Kira Bailey, la bambola ambientalista con due zie lesbiche

Kira Bailey: la bambola che vuole salvare il mondo

Si chiama Kira Bailey, è la nuova American Girl 2021, l’ultima bambola della serie prodotta da Mattel.

Queste bambole sono famosissime negli USA, perché possono essere realizzate “su misura”: si può scegliere il colore degli occhi, dei capelli e della pelle, così da assomigliare alle bambine a cui sono destinate.

Ce ne sono dunque tantissime afroamericane o latine, ed ognuna ha una storia personale, raccontata in un piccolo libro compreso nella scatola. La storia di Kira, la piccola ambientalista di circa 10 anni, è raccontata da Erin Teagan, veterinaria e scrittrice di libri per bambini.

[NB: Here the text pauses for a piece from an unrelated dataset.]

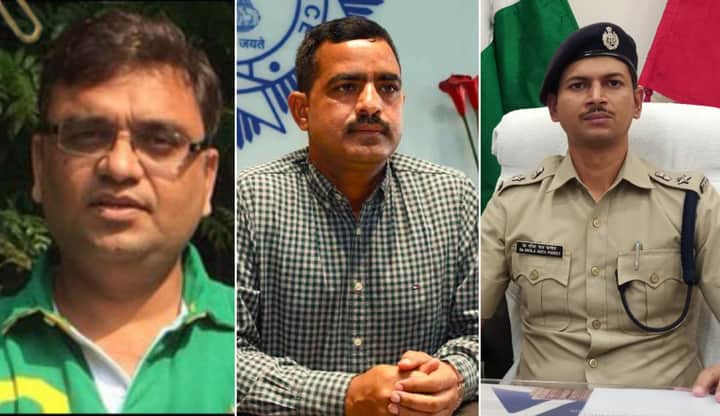 rajiv mishra pravin tripathi bholanath pandey | Bengali News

Ecco dunque Kira Bailey, la bambola col cognome, così da sembrare ancor più reale. Una ragazzina impegnata a salvare il mondo: una piccola Greta Thunberg che conosce alla perfezione i cambiamenti climatici e gira per l’Australia devastata dagli incendi prendendosi cura dei koala feriti nei roghi.

Ospite, tra l’altro, di Mami e Lynette, le sue zie lesbiche, una coppia di mezza età che gestisce una clinica per animali feriti: si sono sposate nel 2017, quando i matrimoni gay sono diventati legali in quello Stato.

Ogni anno viene presentata dalla Mattel una bambola diversa: la condizione di base è che rispecchi l’immensa ricchezza culturale americana.

Kira Bailey
Kira Bailey, American Girl 2021

Kira Bailey: conservatori americani in rivolta

Ma in quest’America divisa più che mai, anche una bambola diventa una questione politica: i conservatori, all’uscita della bambola, tre mesi fa, sono insorti contro la Mattel facendo fuoco e fiamme.

In particolare, un’associazione conservatrice di genitori ha chiesto di mettere al bando la bambola, avviando una raccolta firme per modificare almeno la storia di Kira.

L’associazione, One Million Moms, è costola dell’American Family Association – organizzazione fondamentalista cristiana – dichiaratamente antigay e celebre per la forte avversione per qualsiasi iniziativa associata al tema del gender: una delle ultime battaglie che hanno intrapreso, riguardava alcuni “dannosi” biscotti Oreo dal ripieno arcobaleno.

Kira Bailey, “mira a sdoganare l’omosessualità”, questa l’accusa di Monica Cole, la donna che sta dietro l’associazione. Ed invita i consumatori al boicottaggio: di firme, tuttavia, per il momento ne ha raccolte appena 25mila.

Le pressioni omofobe non spaventano però i responsabili di American Girl.

Julie Parks, portavoce dell’azienda che produce le bambole, dichiara infatti; “la nostra bambola intende riflettere la realtà di una società in costante evoluzione. Lo sosteniamo da sempre: l’unica ricetta per la famiglia felice è l’amore. Siamo fieri delle nostre bambole immaginate all’insegna di diversità e inclusione.”

Per il momento, e per i prossimi anni di presidenza Biden, Kira Bailey e le sue zie possono continuare tranquille a salvare il pianeta.